* _EXTRACTED RECORDS_
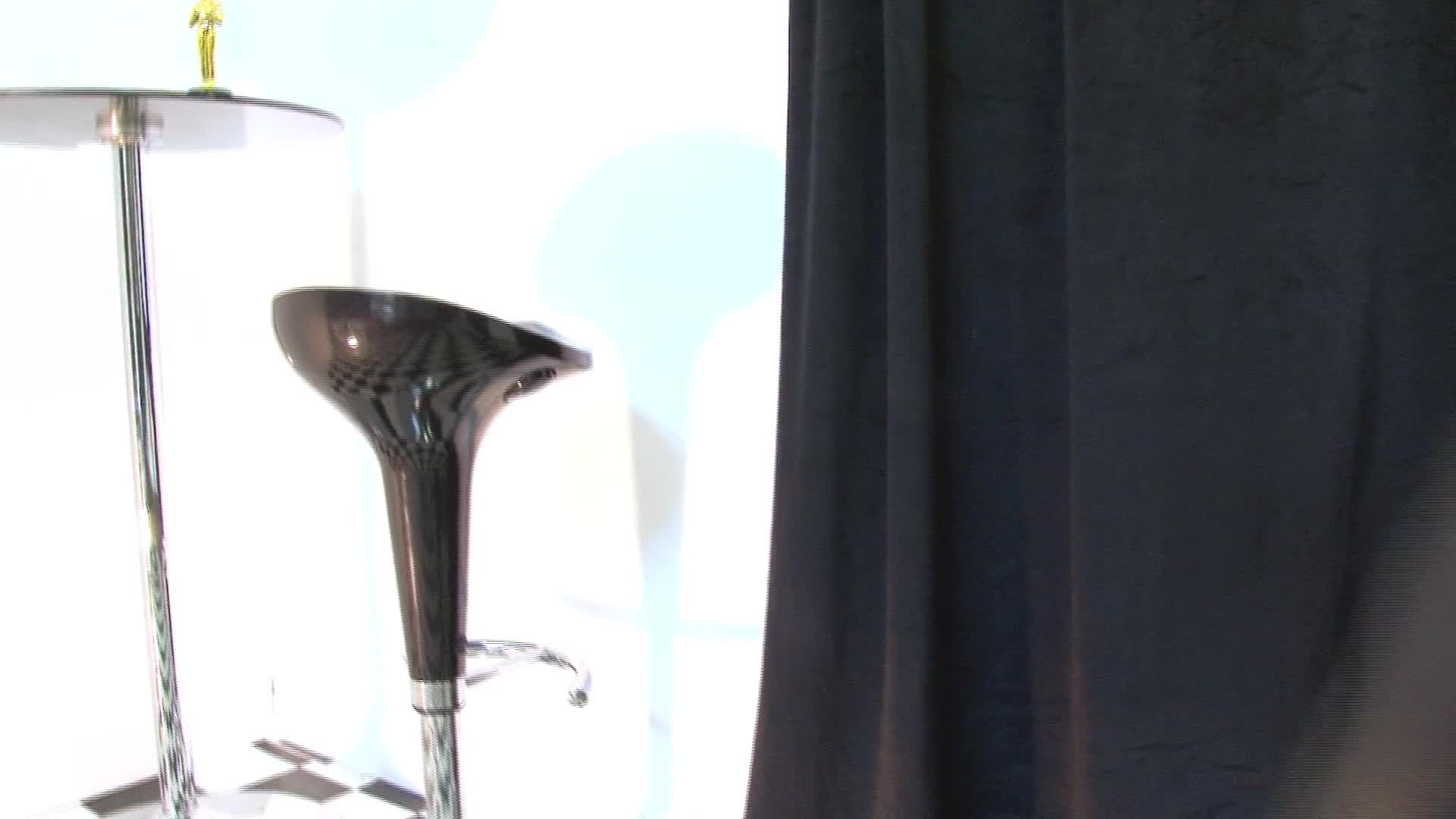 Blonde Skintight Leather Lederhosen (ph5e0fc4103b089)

...

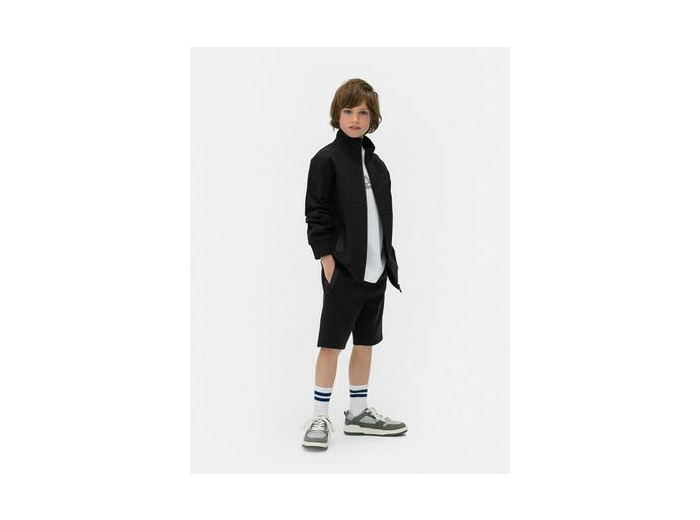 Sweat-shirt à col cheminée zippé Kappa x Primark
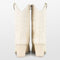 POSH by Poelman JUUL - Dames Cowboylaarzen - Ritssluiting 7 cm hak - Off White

* _PROMPT_
Copy the lines above between the one holding "Sweat-shirt à col" and the one holding "POSH by Poelman", inclusive. Drop the pictures.

* _TASK OUTPUT_
 Sweat-shirt à col cheminée zippé Kappa x Primark
 POSH by Poelman JUUL - Dames Cowboylaarzen - Ritssluiting 7 cm hak - Off White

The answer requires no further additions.